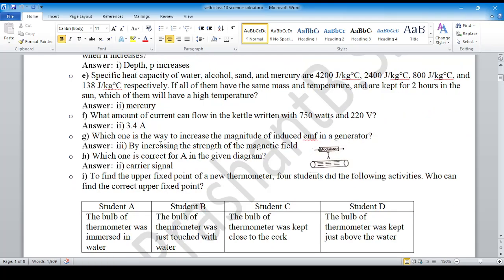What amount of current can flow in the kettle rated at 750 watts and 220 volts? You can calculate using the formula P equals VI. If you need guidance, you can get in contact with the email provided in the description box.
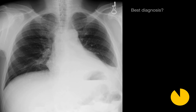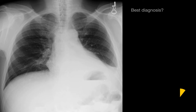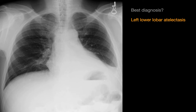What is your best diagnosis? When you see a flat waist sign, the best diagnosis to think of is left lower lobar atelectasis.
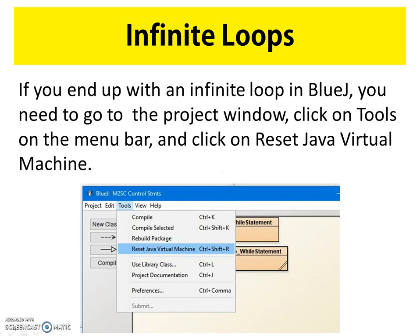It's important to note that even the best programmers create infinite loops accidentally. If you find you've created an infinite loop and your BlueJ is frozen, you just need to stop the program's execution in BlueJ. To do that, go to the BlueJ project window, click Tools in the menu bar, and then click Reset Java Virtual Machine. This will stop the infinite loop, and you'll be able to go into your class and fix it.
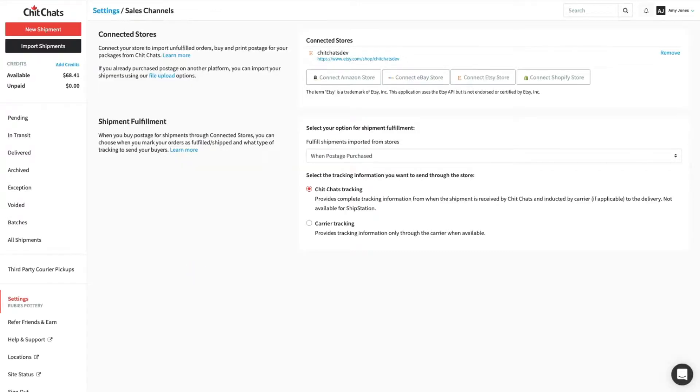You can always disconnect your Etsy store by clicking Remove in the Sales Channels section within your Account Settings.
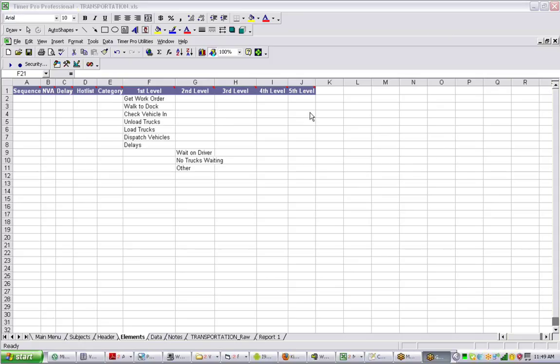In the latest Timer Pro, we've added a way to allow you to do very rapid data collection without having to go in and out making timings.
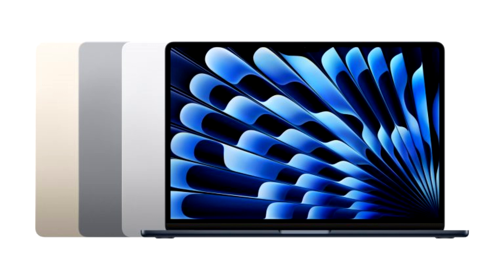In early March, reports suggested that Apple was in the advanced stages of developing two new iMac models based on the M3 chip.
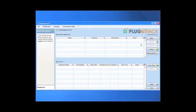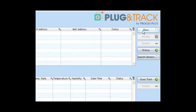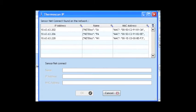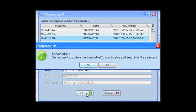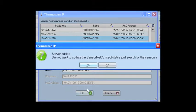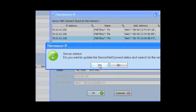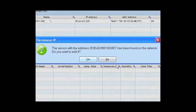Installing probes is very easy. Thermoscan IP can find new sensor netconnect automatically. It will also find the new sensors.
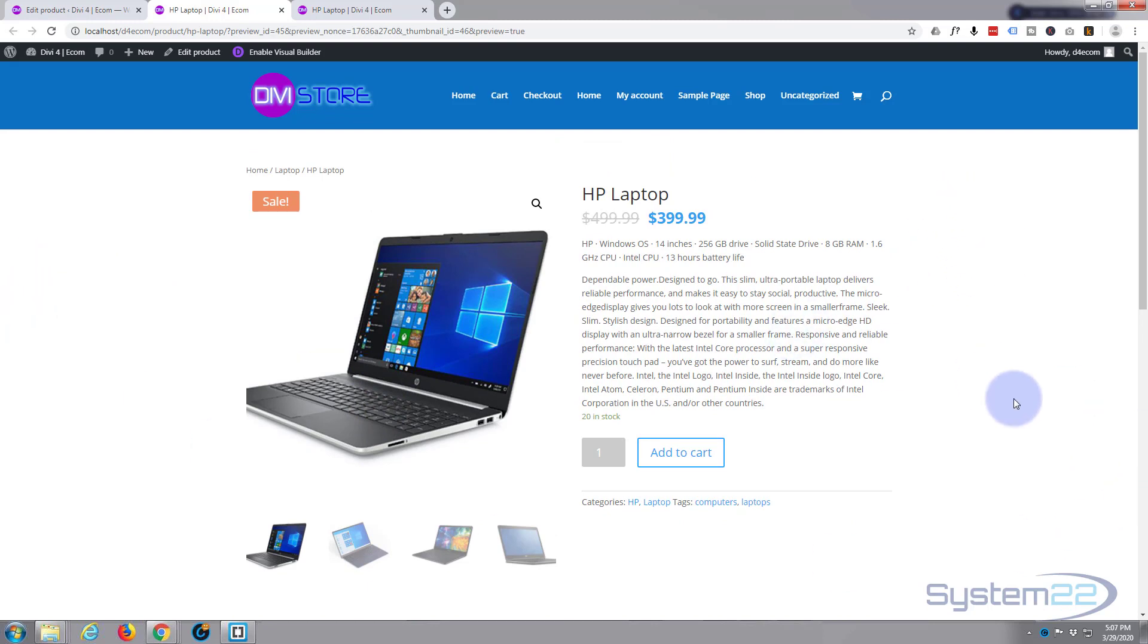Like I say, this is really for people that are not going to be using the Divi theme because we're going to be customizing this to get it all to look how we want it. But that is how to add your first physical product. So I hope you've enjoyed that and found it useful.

══════

Problem to solve: Pictures are to be omitted; otherwise, every line from the first line of the listing through the line containing "What is your" must be reproduced exactly, both ends included.

Expected answer:
What amount of current can flow in the kettle rated at 750 watts and 220 volts? You can calculate using the formula P equals VI. If you need guidance, you can get in contact with the email provided in the description box.
What is your best diagnosis? When you see a flat waist sign, the best diagnosis to think of is left lower lobar atelectasis.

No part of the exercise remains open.